When he was 20, he was arrested for having less than half an ounce of marijuana--enough for four or five joints, according to William J. Borah, Mr. Maynard's lawyer. Mr. Maynard was convicted and fined $100.

"If there was a comparable statute for all professions, most of us baby boomers would be unemployed," said Mr. Borah, who is pressing a lawsuit in Cook County Circuit Court. He is also seeking a pardon from Gov. Jim Edgar and amendments to the background-check law.

The Illinois law that bars Mr. Maynard from teaching does not exclude teaching candidates convicted of murder or attempted murder. And teaching applications do not ask job candidates to reveal if they have been convicted of misdemeanors.

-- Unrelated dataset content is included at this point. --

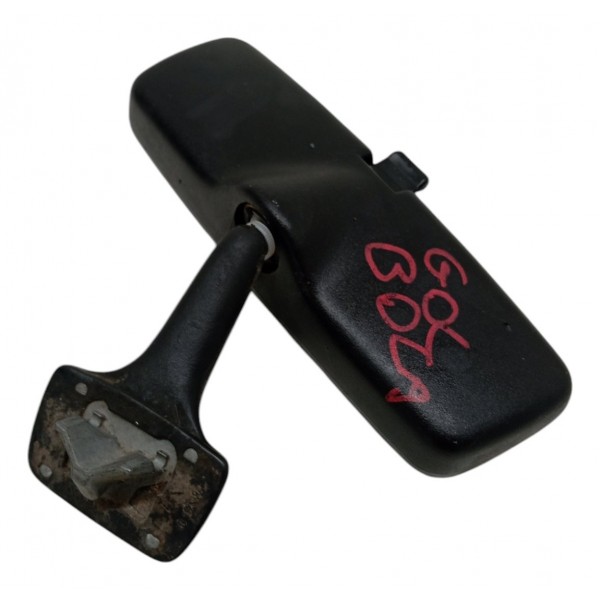 Retrovisor Interno Volkswagen Gol Bola 2001 2002 2003 2004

"This was another great idea taken by the legislature and made mediocre," said Mr. Borah, who said that all felons should be barred from classrooms.

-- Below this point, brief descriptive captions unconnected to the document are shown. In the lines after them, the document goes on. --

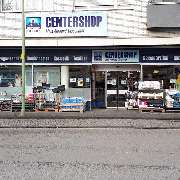 CENTERSHOP Hagen-Elsey - GALLERY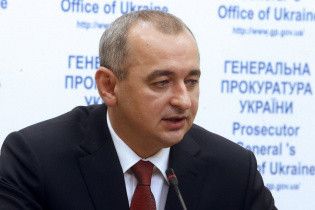 Матиос созывает совещание силовиков из-за провокационного видео с аннексией Буковины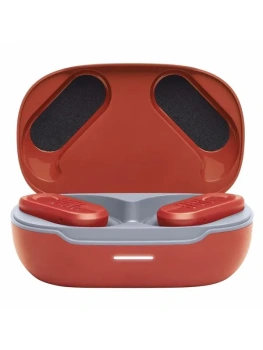 Наушники JBL Endurance Peak 3 коралловый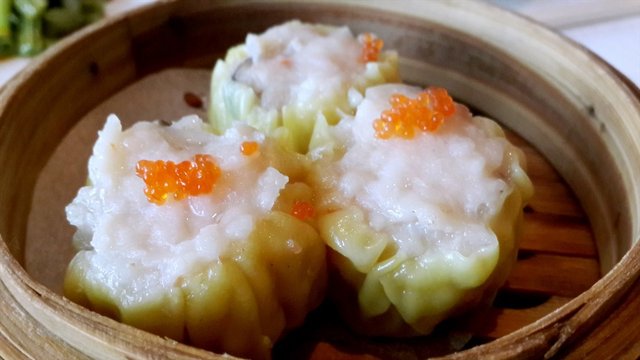 鲍汁烧卖皇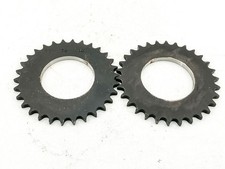 New Lot of 2 Martin 5030 Sprocket 30 Teeth - No Box picture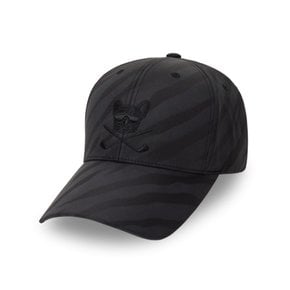 Z1 지브라 엑스클럽 골프모자 (블랙카모)
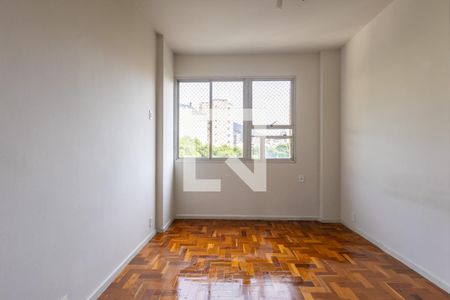 Quarto de apartamento para alugar com 1 quarto, 63m² em Tijuca, Rio de Janeiro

He added that Mr. Maynard had won high marks as a teacher 22 years after his conviction.

When Lynda N. Byrd, the principal at Bloom High, informed Mr. Maynard that he could no longer work in the district, she wrote: "Mike, please be reassured that this is not a reflection upon your work record at Bloom High School. You have given fine service to the school and its students."

For now, Mr. Maynard is working as a heavy-machinery salesman and hoping to find a way back into teaching. Before two stints as a substitute, Mr. Maynard worked in private business and also served as a top aide to a former Illinois lieutenant governor.

"But teaching is what he loves," Mr. Borah said.

Mr. Maynard was teaching social studies when the marijuana charge came to light. Now, he is learning civics the hard way.